## Required work
Print all of the entries exactly, minus the pictures.

+++ Given records +++

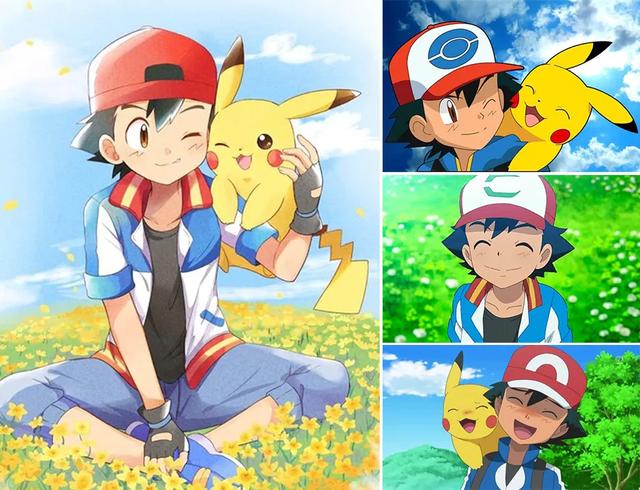 皮卡丘简笔卡通画，怎么画皮卡丘的卡通简笔画（初级动漫中的人物造型与氛围烘托《去吧）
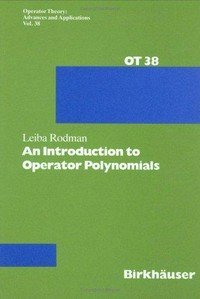 An introduction to operator polynomials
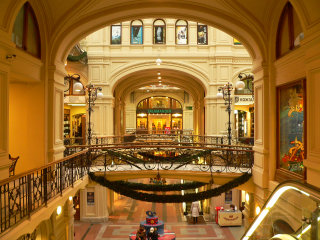 Centro commerciale, Mosca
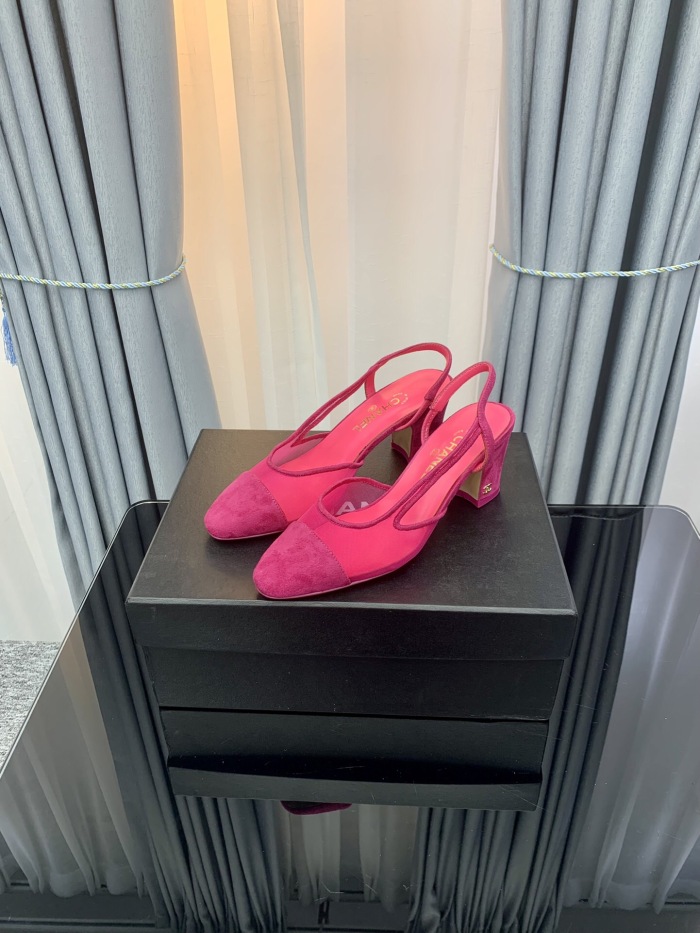 Chanel Slingbacks Pumps Size 35-41 6-Color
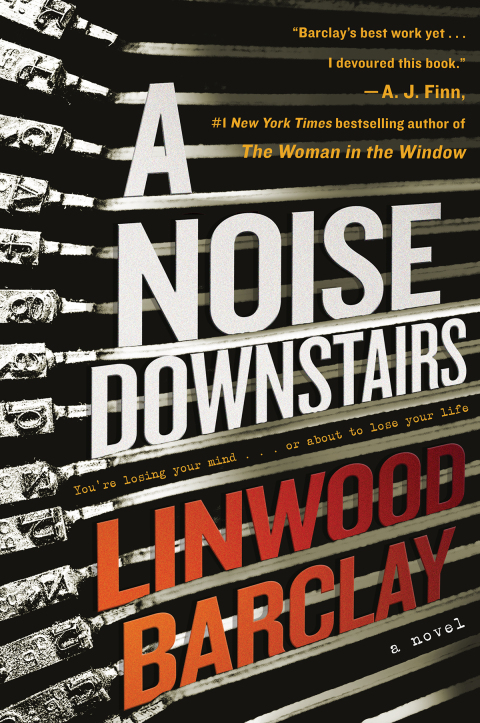 Cover image for book Noise Downstairs, A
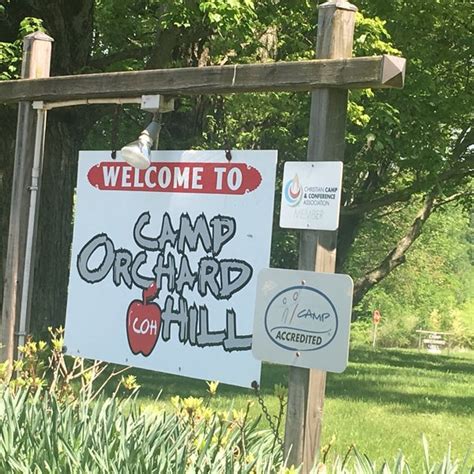 Camp Orchard Hill 3 Tips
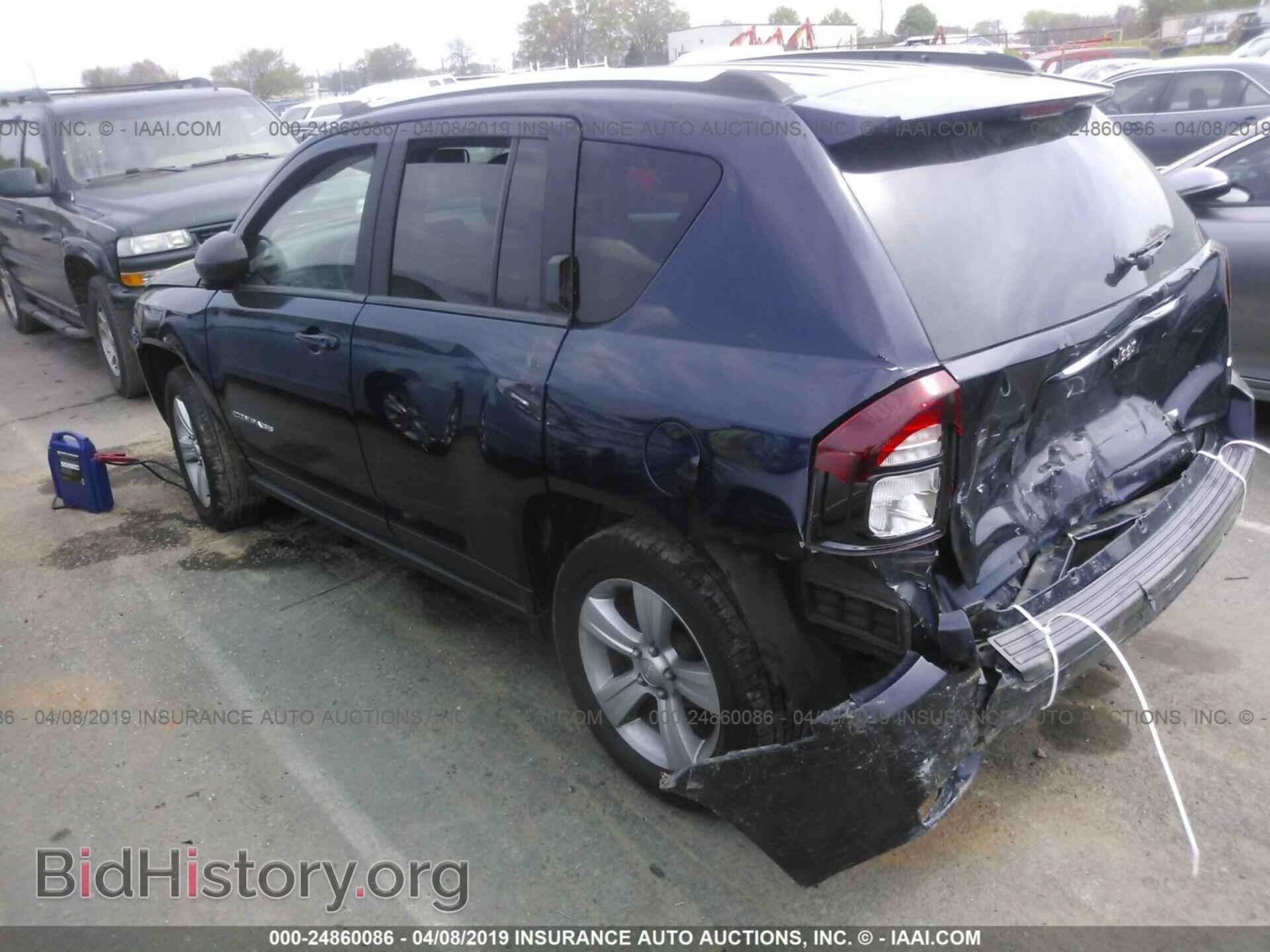 2014 JEEP COMPASS - VIN: 1C4NJDBB3ED879616 - Photo 3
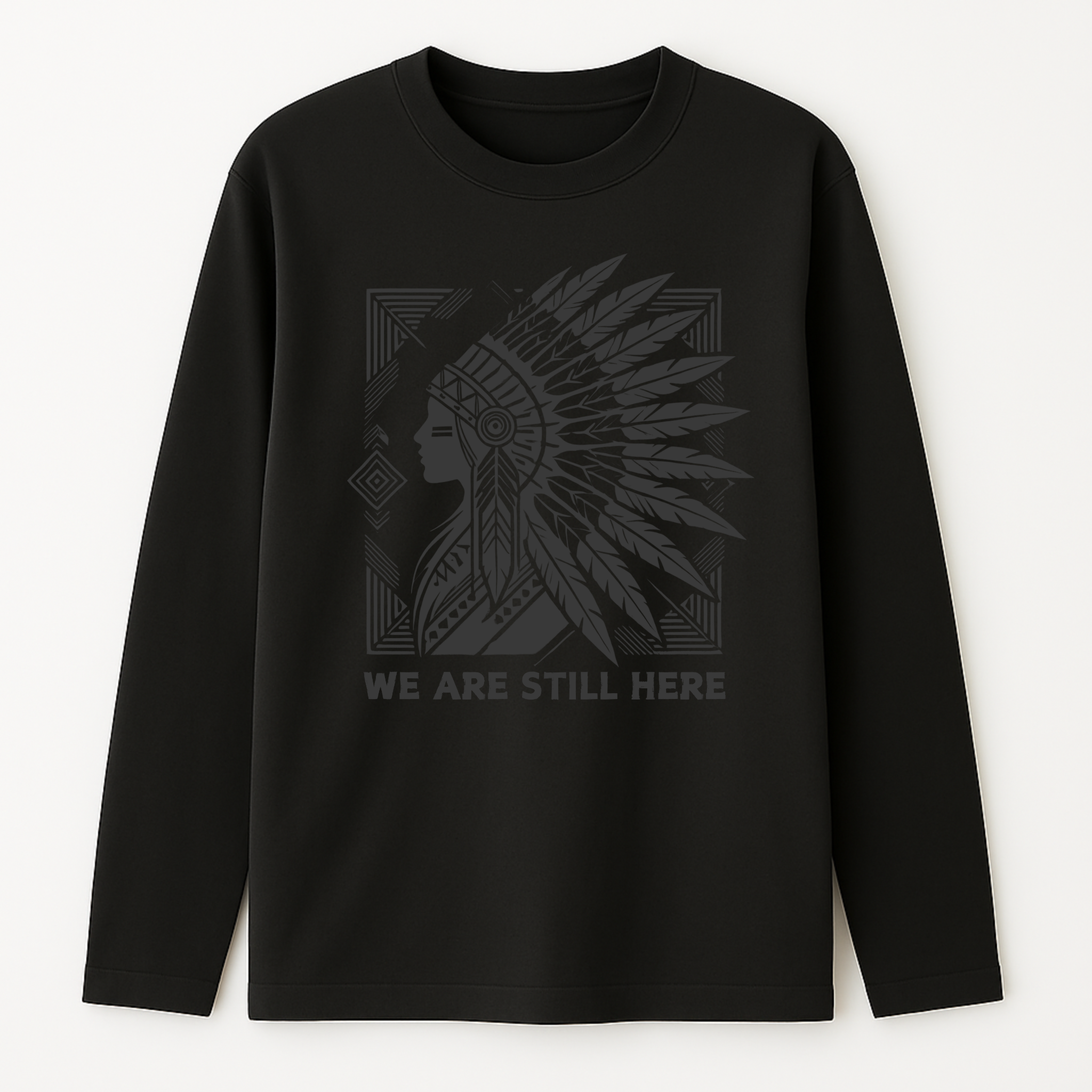 "Wapi" | We Are Still Here | Long Sleeve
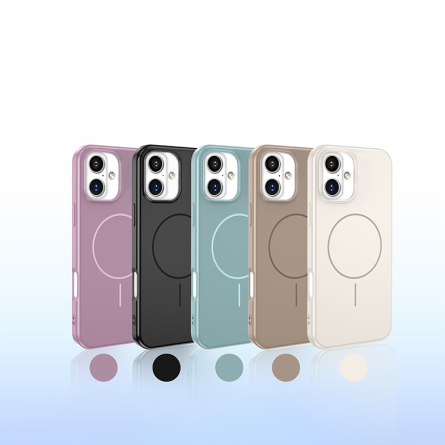 MagSafe Glossy Silikonska Maskica za iPhone 16 u više boja 253965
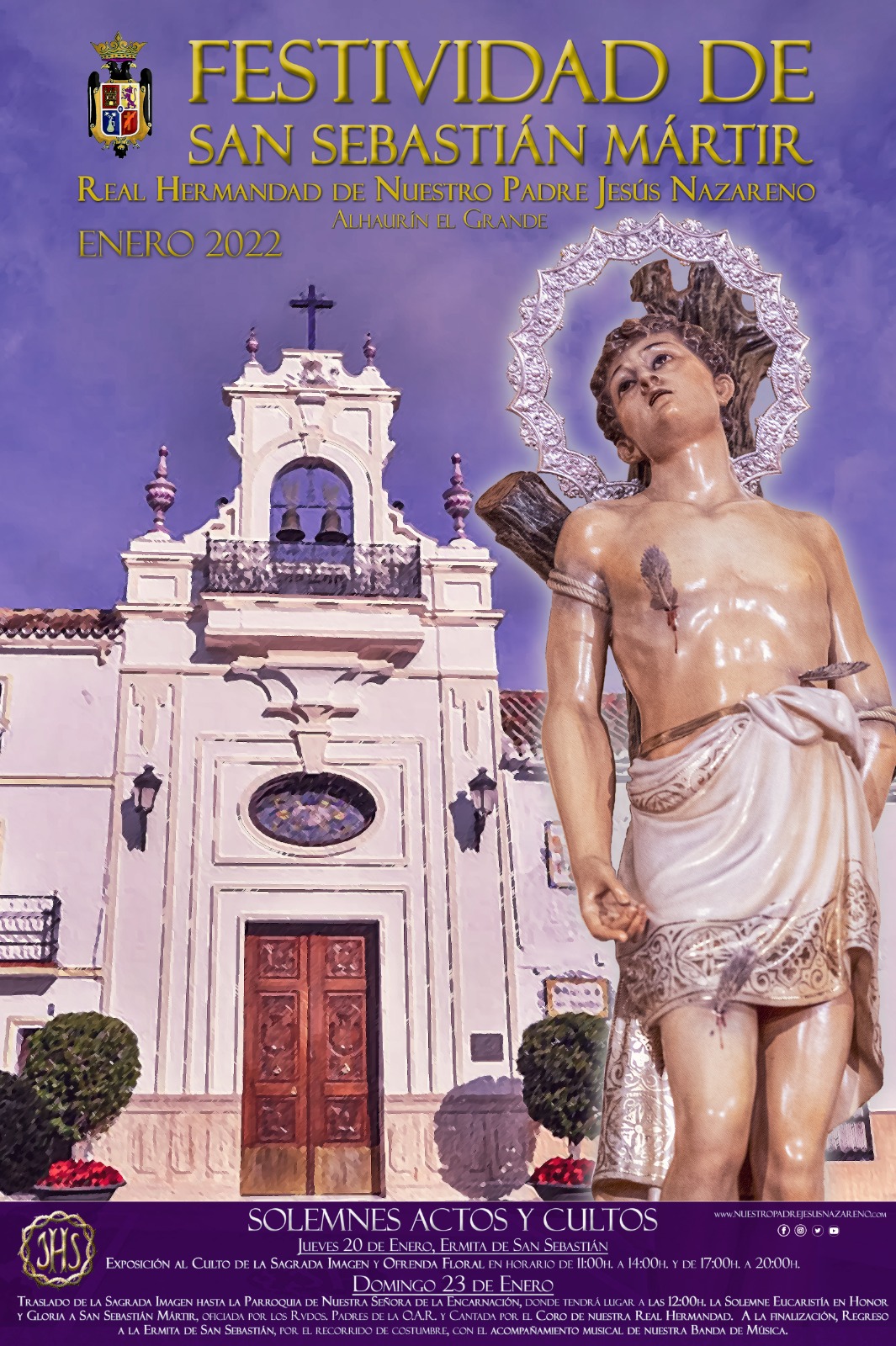 Festividad de San Sebastián 2022 Alhaurín el Grande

+++

## Exercise result
 皮卡丘简笔卡通画，怎么画皮卡丘的卡通简笔画（初级动漫中的人物造型与氛围烘托《去吧）
 An introduction to operator polynomials
 Centro commerciale, Mosca
 Chanel Slingbacks Pumps Size 35-41 6-Color
 Cover image for book Noise Downstairs, A
 Camp Orchard Hill 3 Tips
 2014 JEEP COMPASS - VIN: 1C4NJDBB3ED879616 - Photo 3
 "Wapi" | We Are Still Here | Long Sleeve
 MagSafe Glossy Silikonska Maskica za iPhone 16 u više boja 253965
 Festividad de San Sebastián 2022 Alhaurín el Grande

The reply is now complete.